PROBLEM DESCRIPTION:
Reproduce word for word the lines between the one containing "Продам: Настольная лампа" and the end of the entries below, both inclusive; leave out pictures.

DATA FOR THIS TASK:
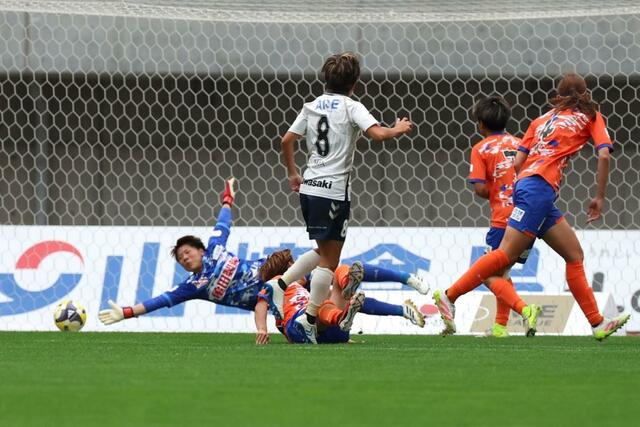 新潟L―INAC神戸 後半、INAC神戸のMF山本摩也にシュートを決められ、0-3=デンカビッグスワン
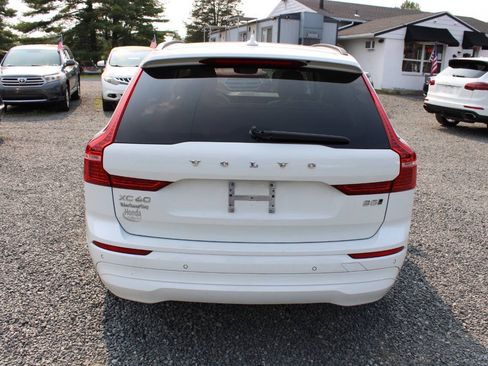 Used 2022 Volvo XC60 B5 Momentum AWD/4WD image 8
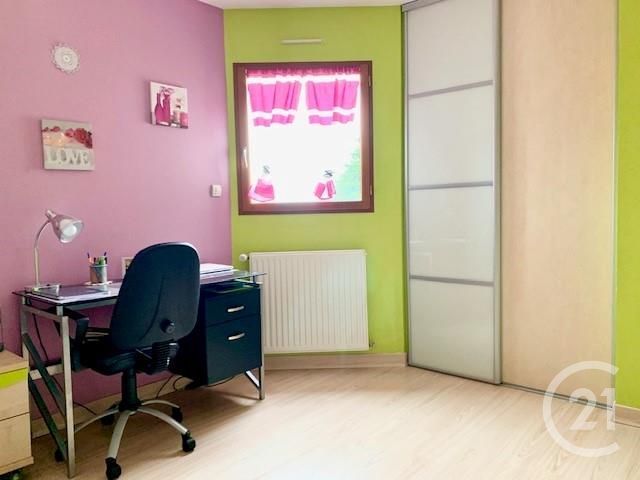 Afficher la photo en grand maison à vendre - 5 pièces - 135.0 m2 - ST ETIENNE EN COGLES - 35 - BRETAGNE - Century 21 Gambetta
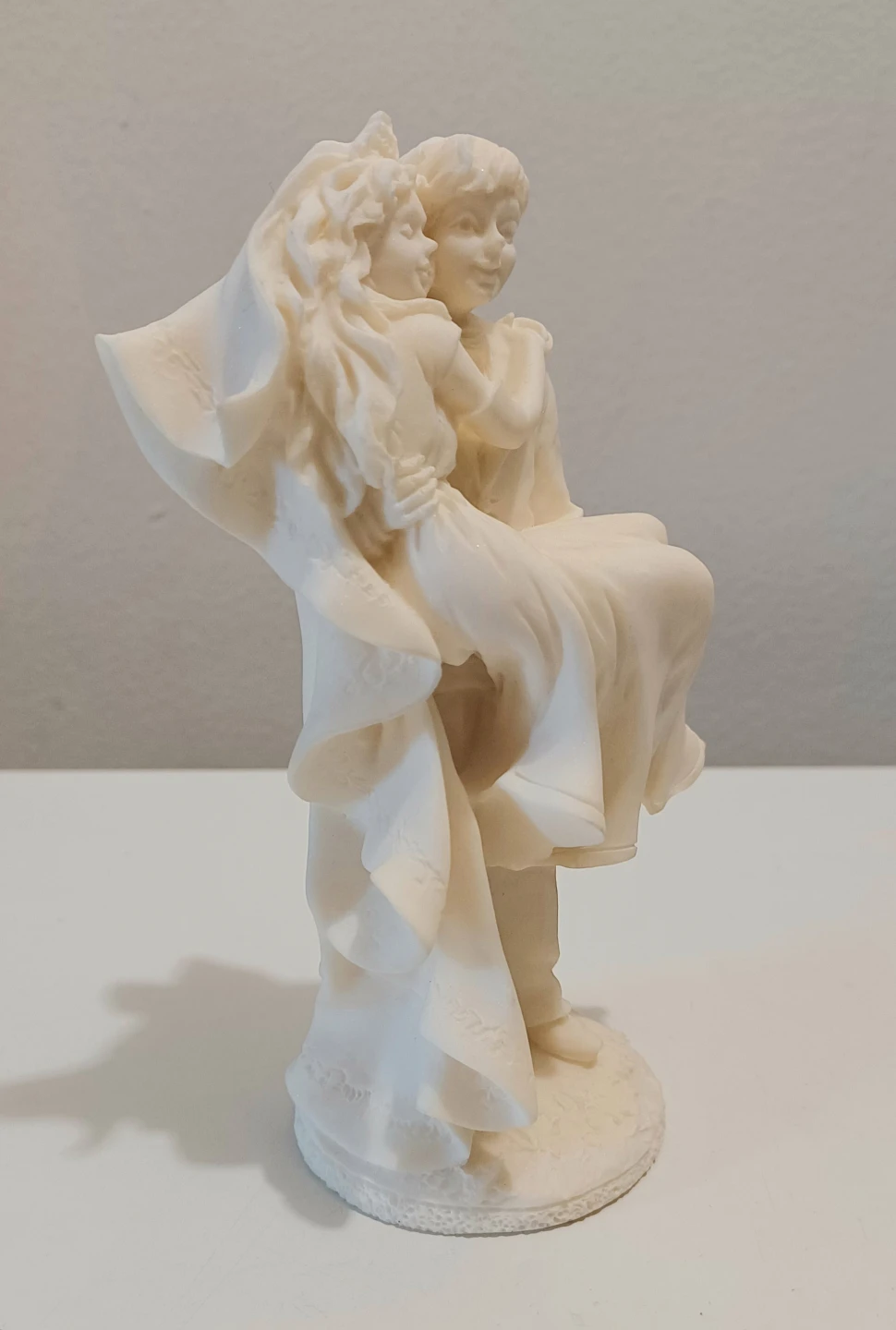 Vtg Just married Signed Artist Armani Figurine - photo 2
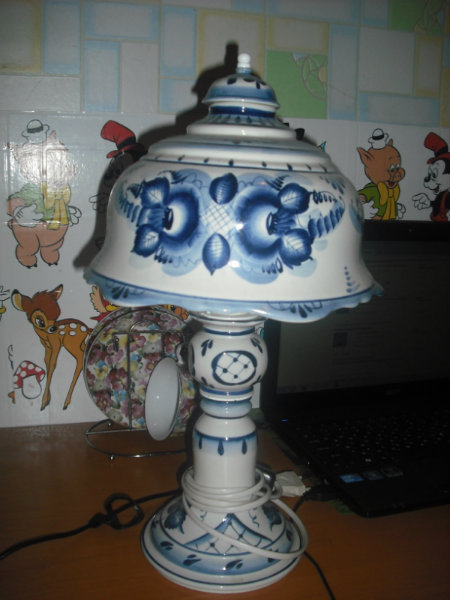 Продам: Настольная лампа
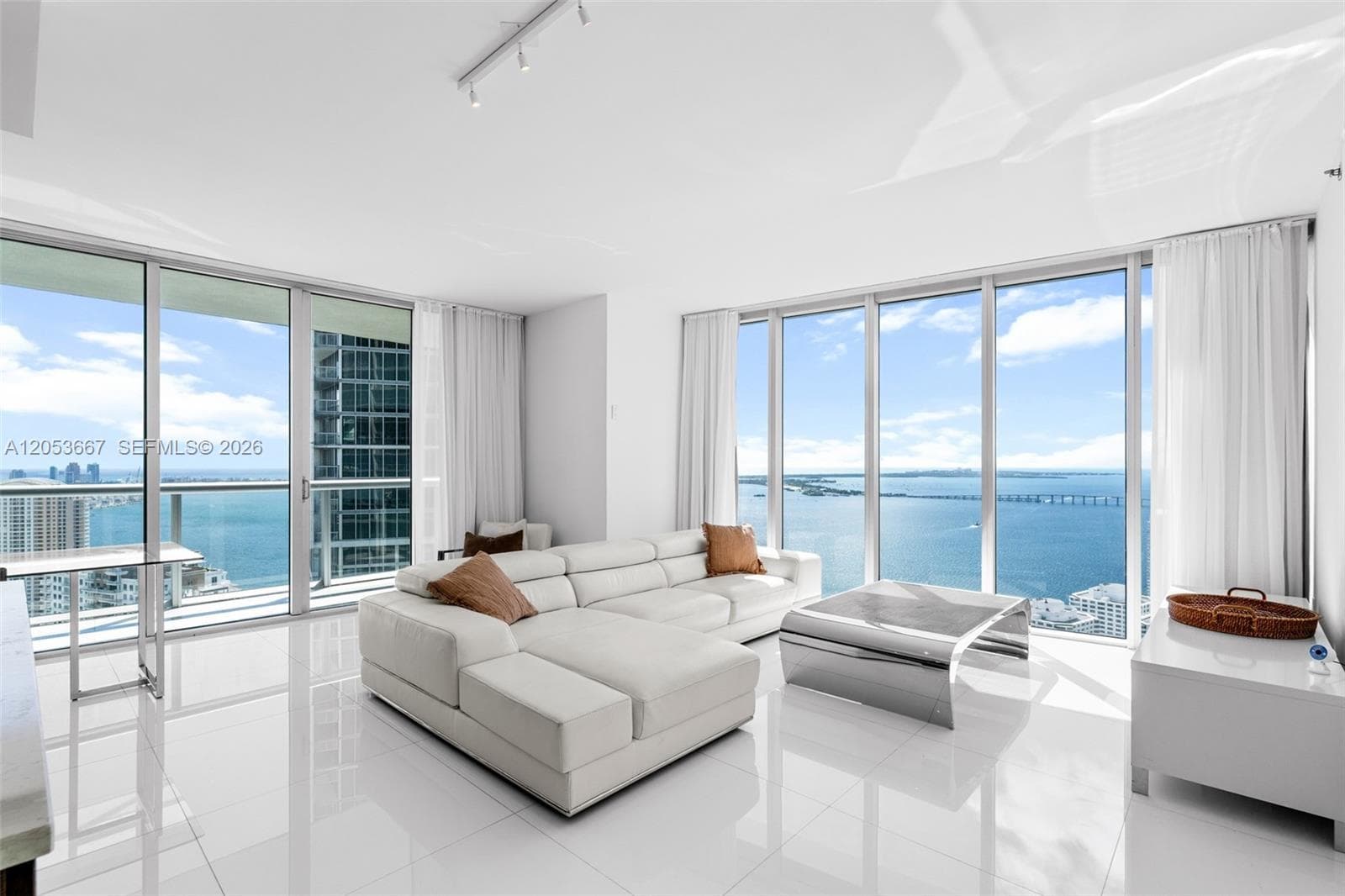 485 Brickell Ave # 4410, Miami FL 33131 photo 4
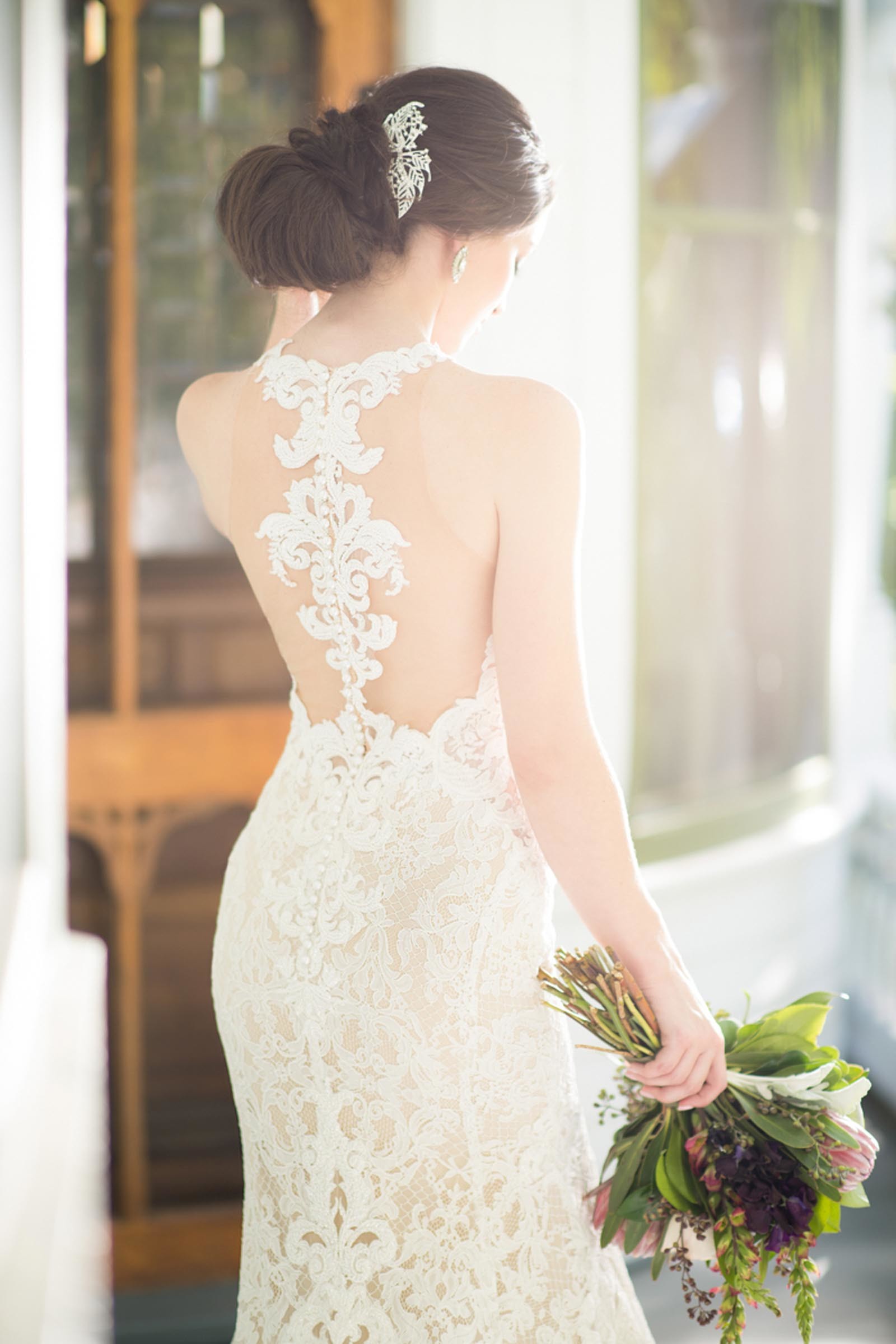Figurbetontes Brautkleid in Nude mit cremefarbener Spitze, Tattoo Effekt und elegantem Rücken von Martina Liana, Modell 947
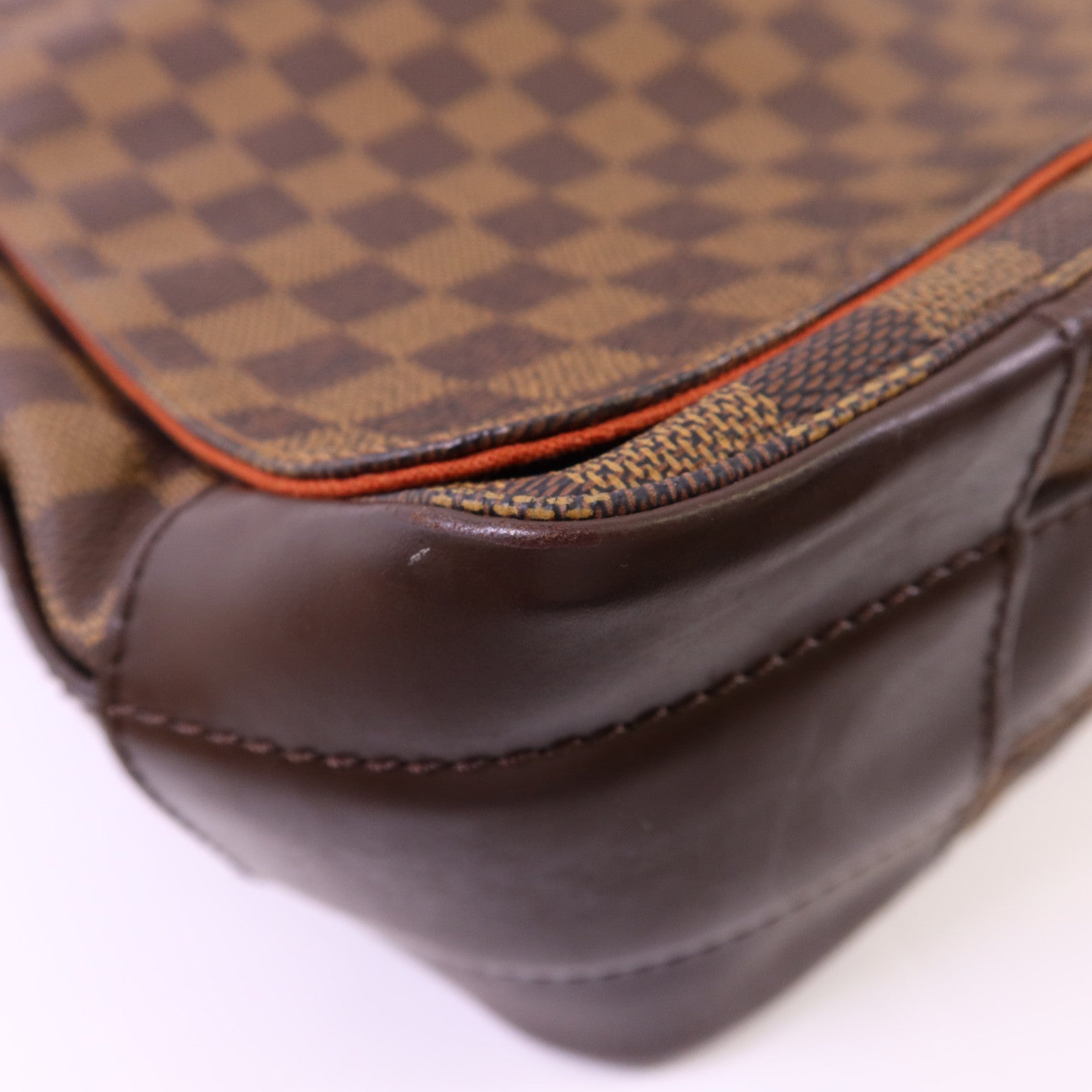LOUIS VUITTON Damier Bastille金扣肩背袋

RESPONSE FOR THIS EXERCISE:
 Продам: Настольная лампа
 485 Brickell Ave # 4410, Miami FL 33131 photo 4
Figurbetontes Brautkleid in Nude mit cremefarbener Spitze, Tattoo Effekt und elegantem Rücken von Martina Liana, Modell 947
LOUIS VUITTON Damier Bastille金扣肩背袋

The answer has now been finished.